[What to produce]
Would you retype exactly the lines below, starting with the one that has "Missguided Women's Double" and going on through the one that has "Micasa Modern White", with no pictures and nothing else?

[Source material]
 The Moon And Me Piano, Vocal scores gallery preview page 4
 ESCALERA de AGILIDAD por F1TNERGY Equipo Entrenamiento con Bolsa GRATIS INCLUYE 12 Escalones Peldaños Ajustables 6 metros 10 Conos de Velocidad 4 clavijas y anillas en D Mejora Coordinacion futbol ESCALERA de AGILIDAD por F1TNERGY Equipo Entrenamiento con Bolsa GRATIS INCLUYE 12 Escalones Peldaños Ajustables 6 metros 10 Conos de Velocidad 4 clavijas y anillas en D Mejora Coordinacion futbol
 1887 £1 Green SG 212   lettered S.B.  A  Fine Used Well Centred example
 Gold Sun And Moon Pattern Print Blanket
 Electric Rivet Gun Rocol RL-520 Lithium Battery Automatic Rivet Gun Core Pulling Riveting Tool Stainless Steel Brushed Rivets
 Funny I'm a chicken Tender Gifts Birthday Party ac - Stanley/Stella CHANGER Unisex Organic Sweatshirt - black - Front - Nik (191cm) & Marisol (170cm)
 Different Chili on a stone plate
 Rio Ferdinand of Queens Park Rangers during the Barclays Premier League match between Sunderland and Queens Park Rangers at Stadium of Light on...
---
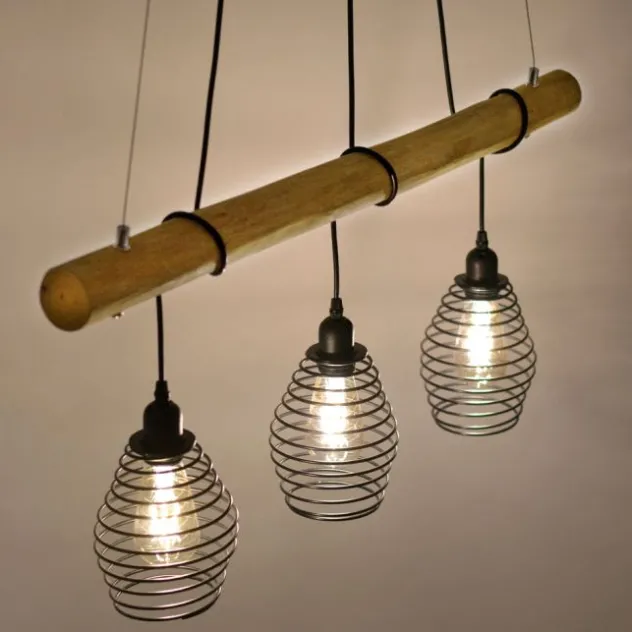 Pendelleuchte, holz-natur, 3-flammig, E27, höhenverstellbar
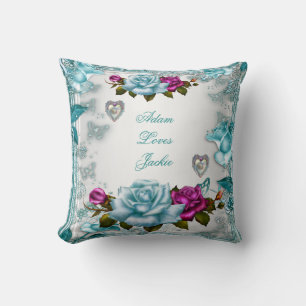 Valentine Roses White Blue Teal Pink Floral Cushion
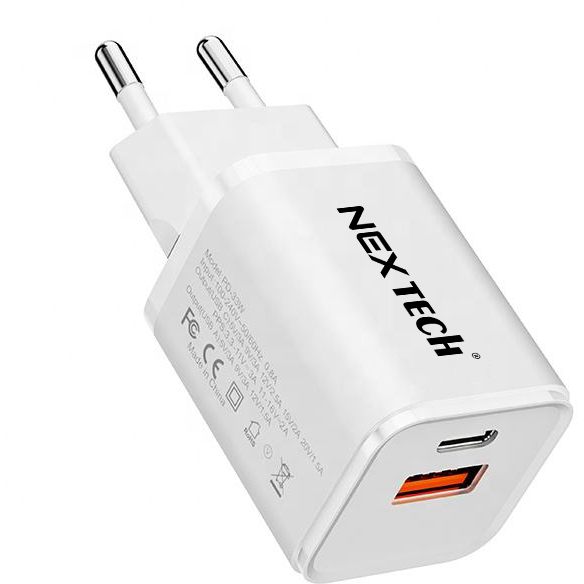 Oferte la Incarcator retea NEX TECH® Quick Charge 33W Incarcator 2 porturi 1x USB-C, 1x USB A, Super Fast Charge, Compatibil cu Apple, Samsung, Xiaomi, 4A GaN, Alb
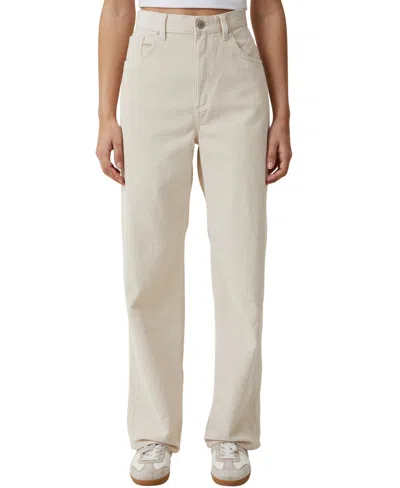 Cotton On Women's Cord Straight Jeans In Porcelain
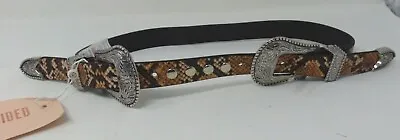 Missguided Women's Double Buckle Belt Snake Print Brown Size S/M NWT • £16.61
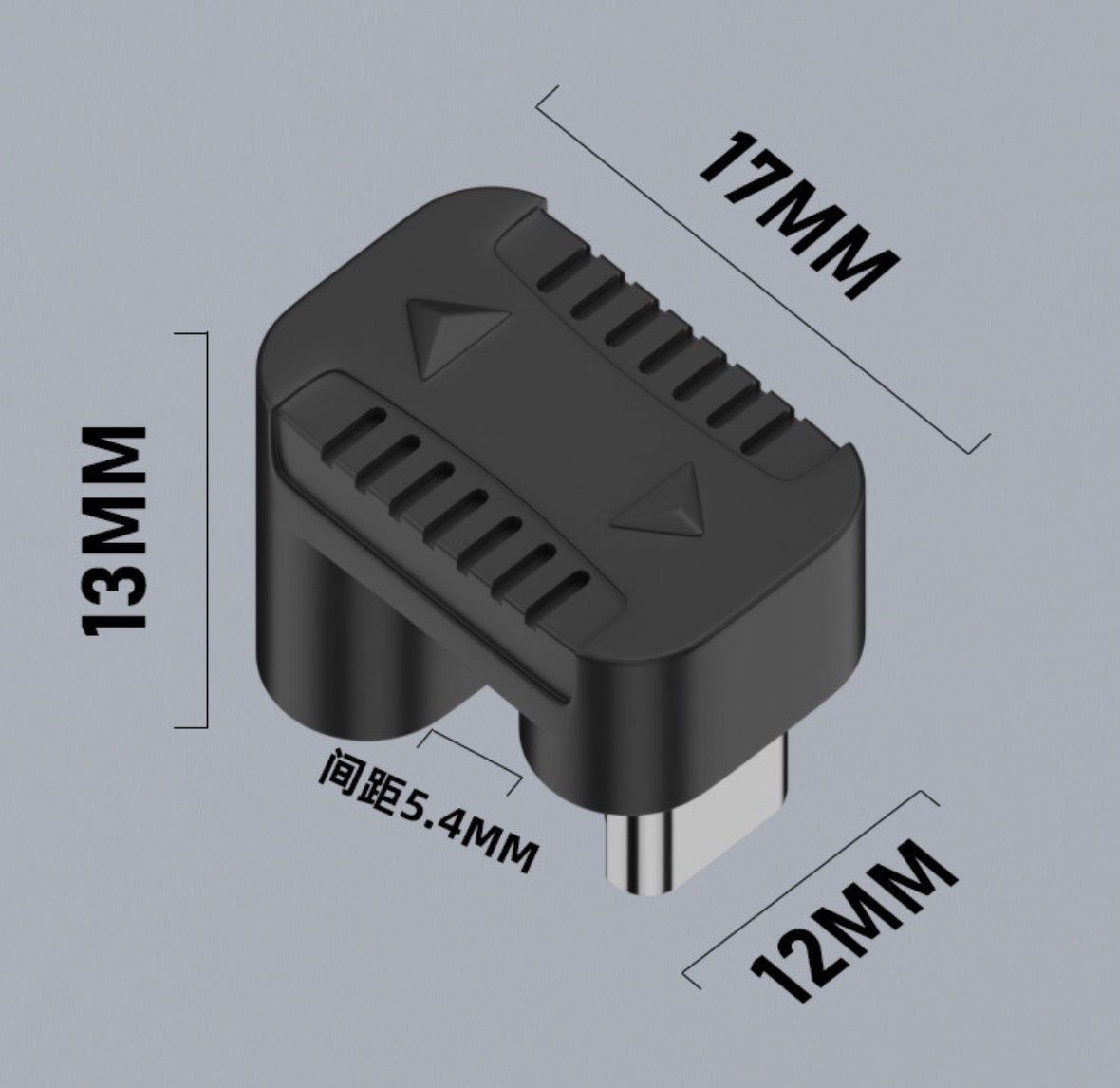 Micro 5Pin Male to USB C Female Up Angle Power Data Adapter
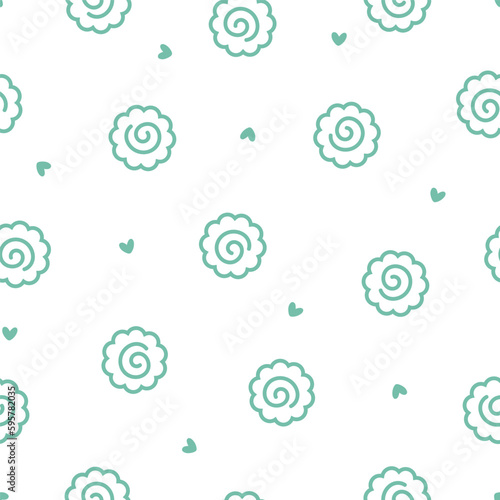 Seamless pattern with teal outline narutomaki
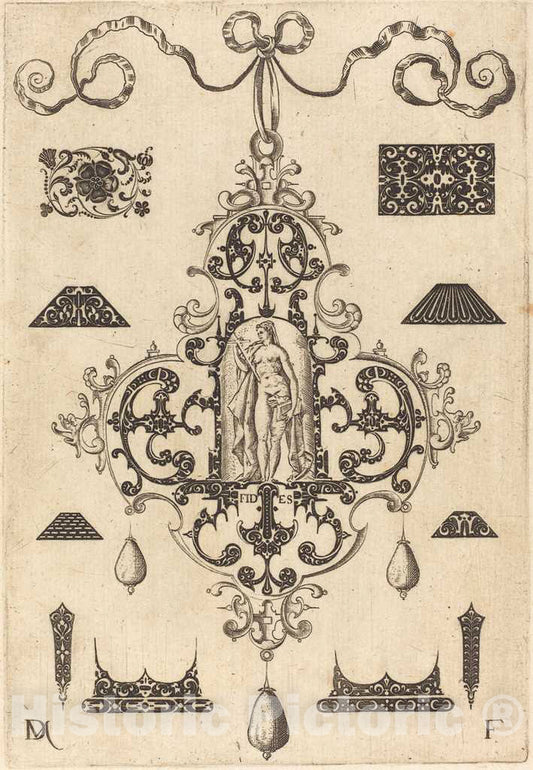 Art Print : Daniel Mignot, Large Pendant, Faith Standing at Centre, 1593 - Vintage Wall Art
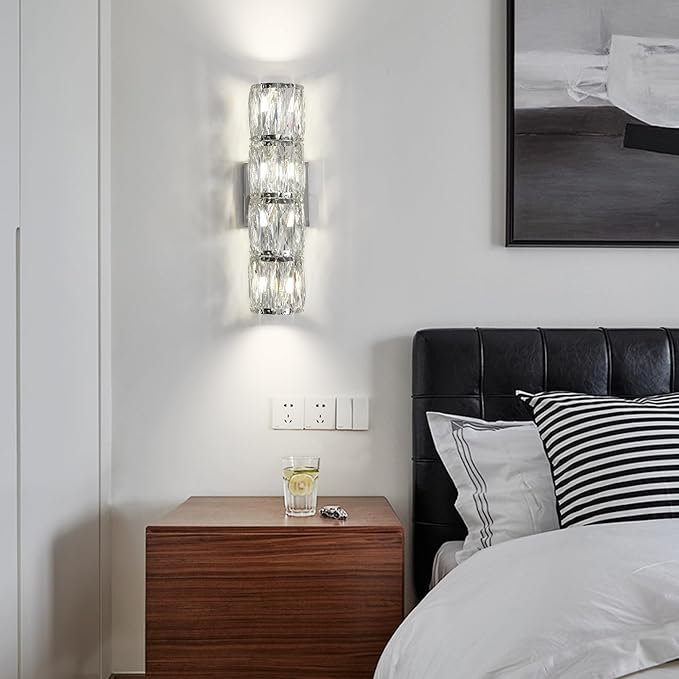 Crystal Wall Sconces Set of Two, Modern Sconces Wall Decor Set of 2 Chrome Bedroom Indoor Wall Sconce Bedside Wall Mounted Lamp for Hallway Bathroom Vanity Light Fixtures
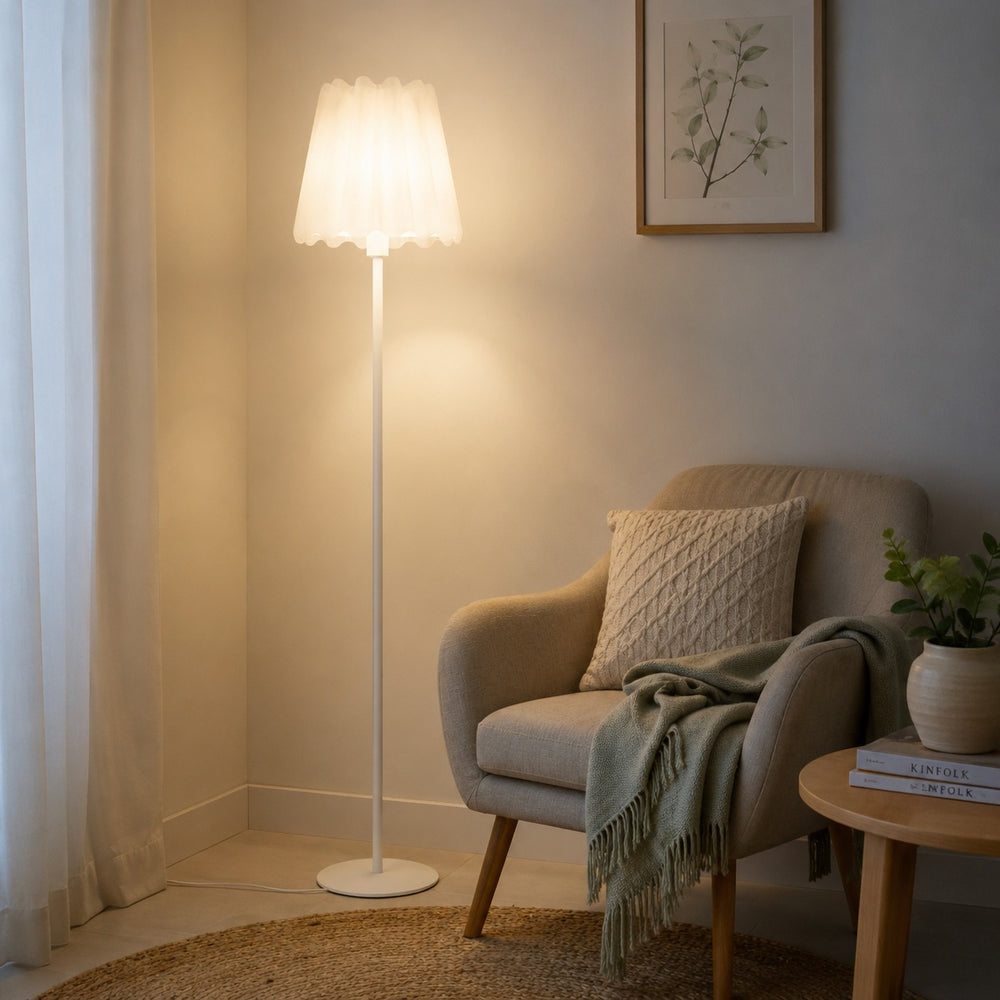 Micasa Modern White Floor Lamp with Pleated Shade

[Output for this task]
 Missguided Women's Double Buckle Belt Snake Print Brown Size S/M NWT • £16.61
 Micro 5Pin Male to USB C Female Up Angle Power Data Adapter
 Seamless pattern with teal outline narutomaki
 Art Print : Daniel Mignot, Large Pendant, Faith Standing at Centre, 1593 - Vintage Wall Art
 Crystal Wall Sconces Set of Two, Modern Sconces Wall Decor Set of 2 Chrome Bedroom Indoor Wall Sconce Bedside Wall Mounted Lamp for Hallway Bathroom Vanity Light Fixtures
 Micasa Modern White Floor Lamp with Pleated Shade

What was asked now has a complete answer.